Most affected by the FAFSA issues is the University of Massachusetts. As a public institution, the FAFSA is the only application accepted to be considered for federal need-based grants, work study and loans.

UMass spokesman Edward Blaguszewski said emails from the admissions office this week note that the university is “continuously monitoring updates from the Department of Education and will inform our students of changes to any UMass deadlines.”

That email encourages students to continue trying to file by the UMass priority filing date of March 1. “If you are experiencing challenges submitting your FAFSA, please reply to this email so that we may assist you,” the correspondence states. It also says that if students fail to get the FAFSA done, it will not affect funding, and that state and scholarship agencies have varying deadlines that they are encouraged to meet.

Amherst College has been able to modify its requirements, pushing the deadline for submission of a FAFSA for all first-time enrolling students until July 1. An advisory to this effect is on the college’s website:

“While many students and families have been able to successfully complete the 2024-2025 FAFSA, others have not, due to known FAFSA completion challenges. Out of awareness and concern for these students and families, Amherst College is delaying our submission requirement for the FAFSA to July 1 for all first time enrolling students.”

Amherst College put together a website to update students on the FAFSA submission, recommending that current aid applicants prioritize completing all other aid documents and that, while completing and submitting FASA if possible, “FAFSA is not required for an accurate aid offer from Amherst College.”

Hidalgo said some colleges have created their own institutional aid application, listing aid award, institutional grants and scholarships, plus any state and federal aid. Hidalgo said many also have a net price calculator. But state schools are reliant on FAFSA, whereas in addition to Smith and Amherst, Mount Holyoke and Hampshire colleges also participate in CSS Profile.
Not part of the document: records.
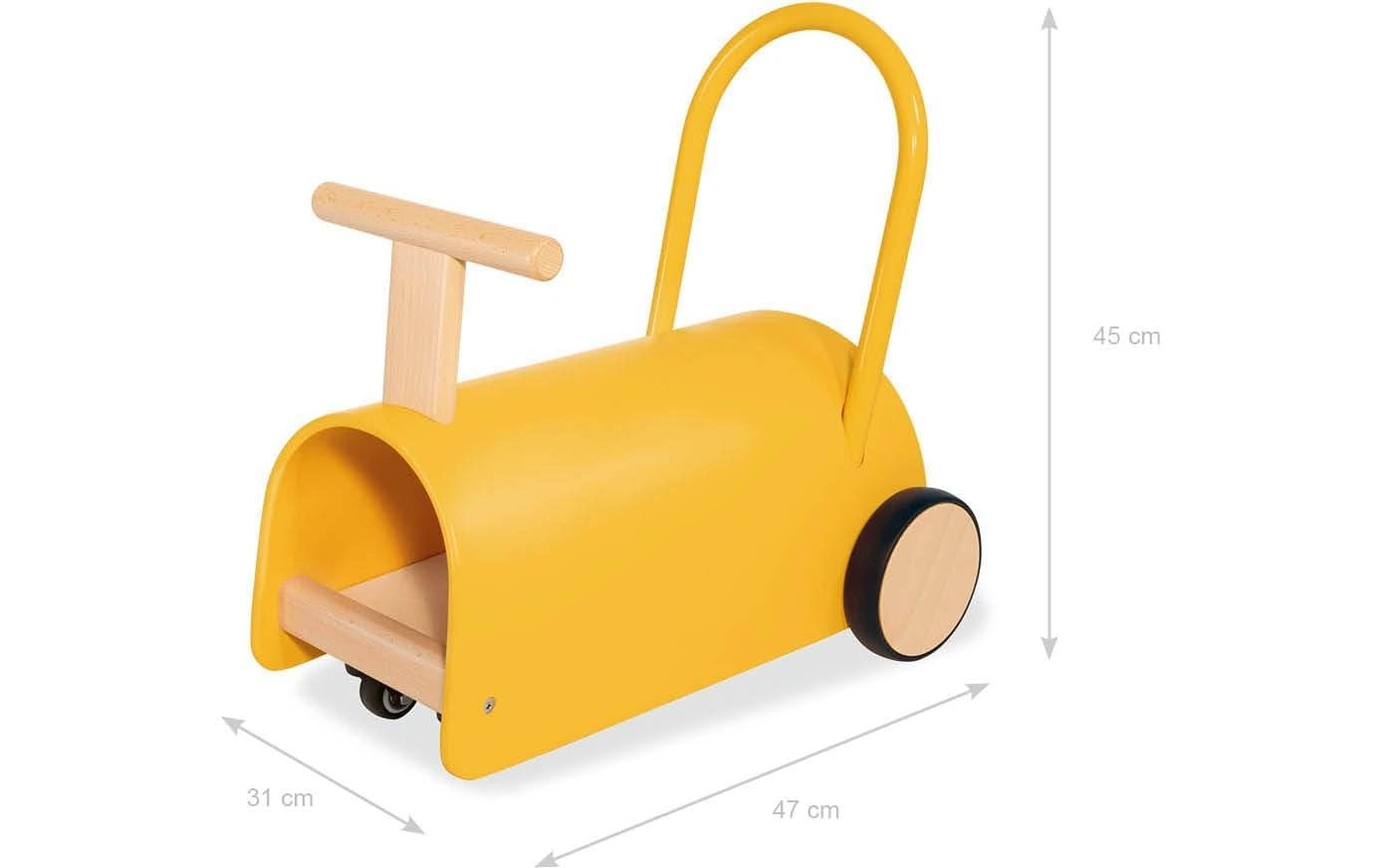 Trotteur porteur enzo en bois - jaune
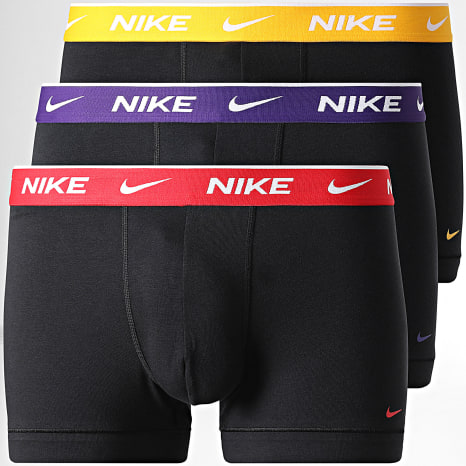 Nike - Lot De 3 Boxers Essential Cotton Stretch KE1284 Noir Jaune Rouge Violet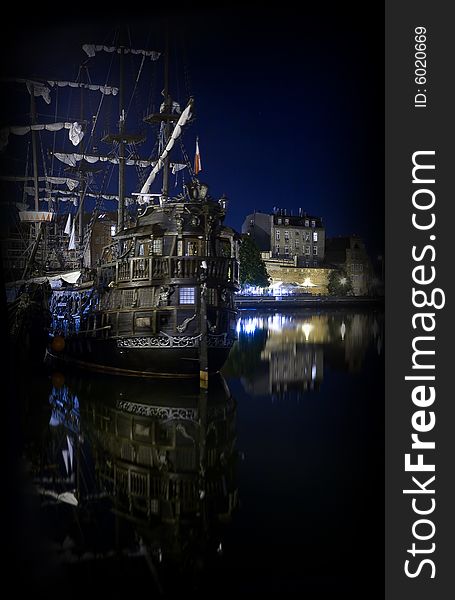 Caravel at the night Gdansk Poland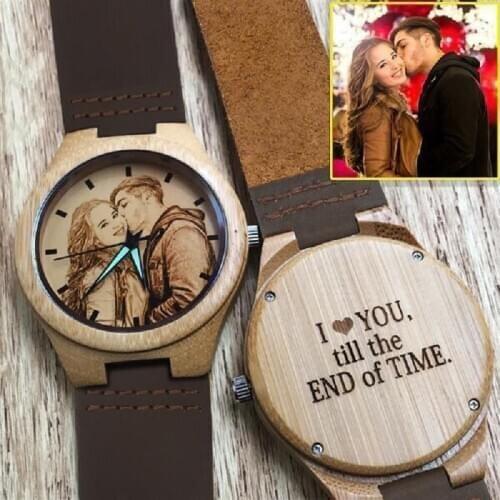 Father‘s Day Gifts Custom Engraved Wooden Photo Watch Brown Cow Leather Strap,Custom Photo Watch.Mens Personalized Watch
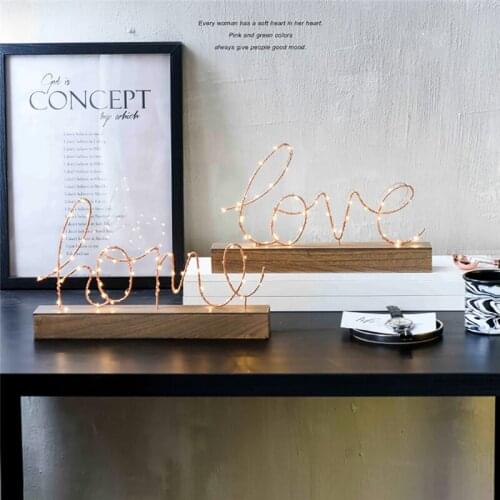 Ins LOVE HOME English Alphabet LED Night Light Home Bedroom Decorative Ornaments Wrought Iron Letter Wooden Atmosphere Lamp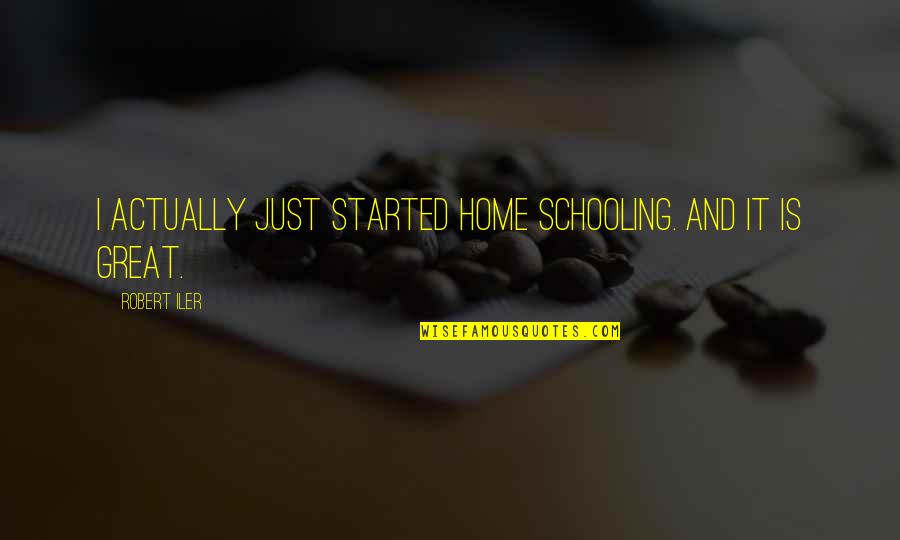 Realizing You Like Someone Quotes By Robert Iler: I actually just started home schooling. And it Realizing You Like Someone Quotes By Robert Iler: I actually just started home schooling. And it
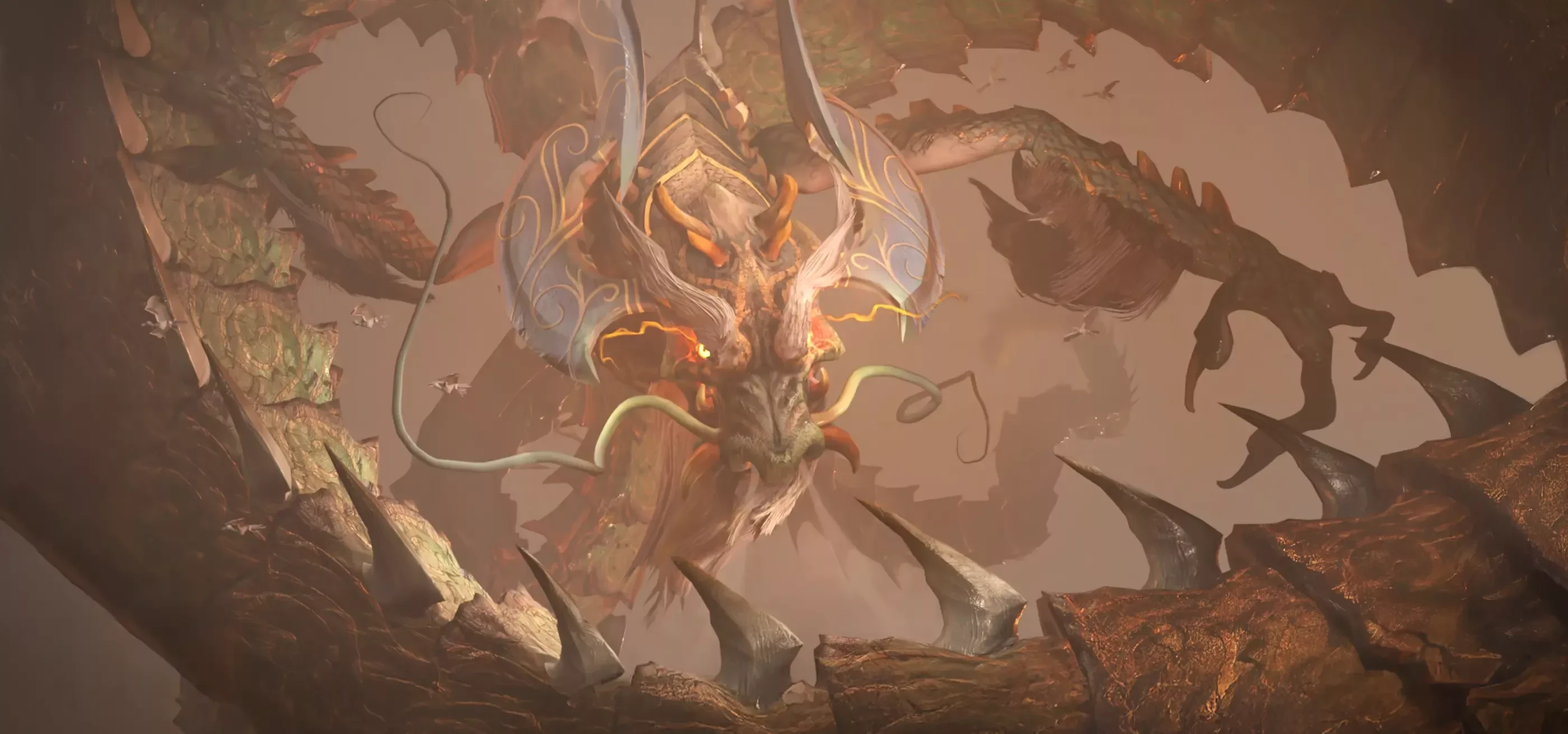 A digital drawing of a dragon with a spiked tail.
FAFSA is required for all U.S. citizens and permanent resident students who accept a college’s financial aid offer so that federal money can be disbursed.

Amherst College’s Dean of Financial Aid Gail Holt brings expertise from chairing the FAFSA Simplification Implementation Working Group, an organization made up of 13 financial aid administrators from across the country to prepare for the moment. Part of that group’s work included reducing the number of questions on the application and lowering barriers for certain student populations.

With the kinks in FAFSA expected to be worked out, McGann said he anticipates students who would enroll in the fall of 2025 will be able to file their forms this coming October.

“Going forward, this will be something that makes college-going easier and better for families across the country,” McGann said. “It will be less complex, less cumbersome for millions of families.”

Hidalgo, too, envisions improvement. “I’m hoping it’s a one-year thing and next year it will be back to normal,” Hidalgo said.